Return the lines of the data below starting at the one holding "Women's Pointed Toe" and ending at the one holding "winter men parkas", word for word, leaving every picture out.
[DATA SHOWN Boundary: Start]
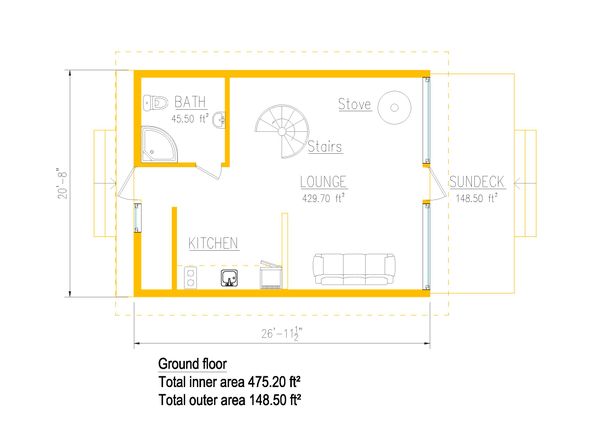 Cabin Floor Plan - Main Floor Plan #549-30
[DATA SHOWN Boundary: End]
[DATA SHOWN Boundary: Start]
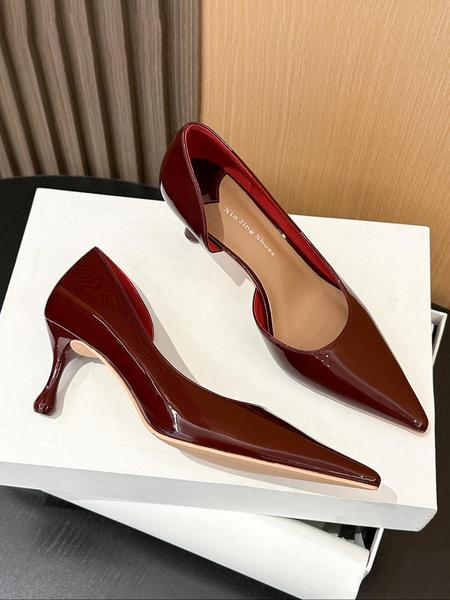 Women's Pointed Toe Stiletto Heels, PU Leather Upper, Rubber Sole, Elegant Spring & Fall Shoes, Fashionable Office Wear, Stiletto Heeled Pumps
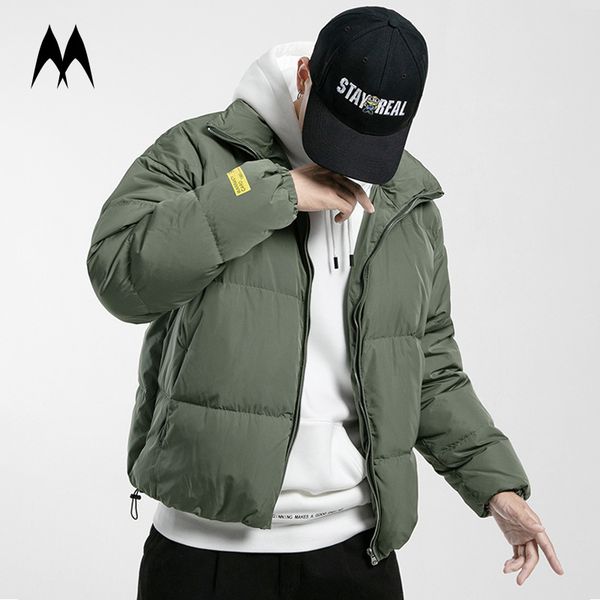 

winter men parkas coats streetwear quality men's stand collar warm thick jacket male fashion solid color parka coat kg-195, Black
[DATA SHOWN Boundary: End]
[DATA SHOWN Boundary: Start]
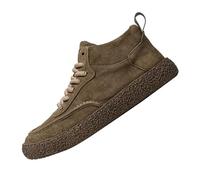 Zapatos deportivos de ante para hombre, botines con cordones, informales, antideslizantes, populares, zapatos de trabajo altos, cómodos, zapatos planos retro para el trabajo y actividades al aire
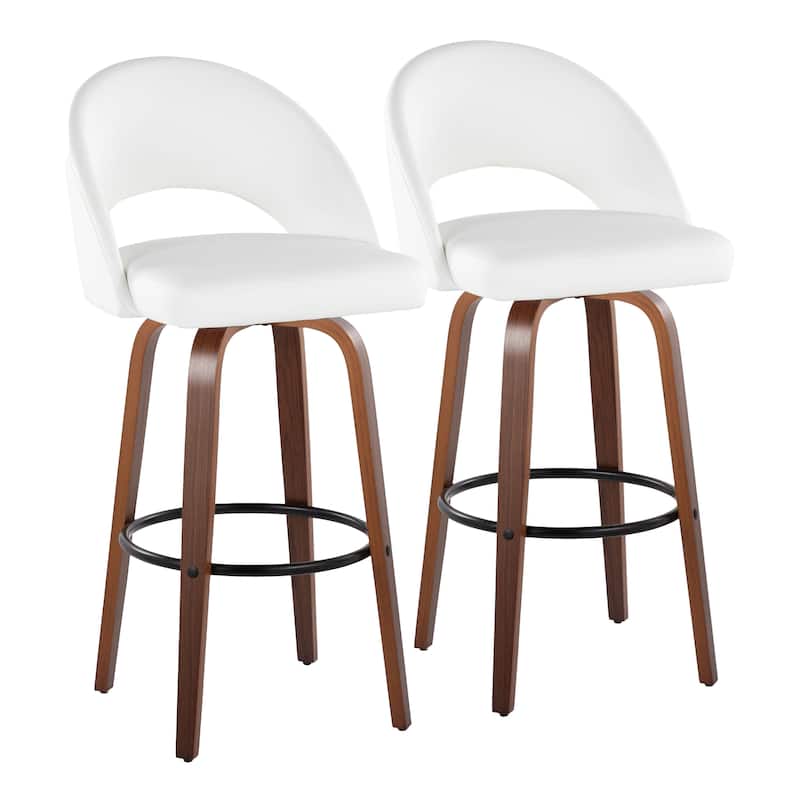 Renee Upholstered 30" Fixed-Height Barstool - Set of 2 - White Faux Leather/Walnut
[DATA SHOWN Boundary: End]
# EXERCISE SOLUTION:
 Women's Pointed Toe Stiletto Heels, PU Leather Upper, Rubber Sole, Elegant Spring & Fall Shoes, Fashionable Office Wear, Stiletto Heeled Pumps

winter men parkas coats streetwear quality men's stand collar warm thick jacket male fashion solid color parka coat kg-195, Black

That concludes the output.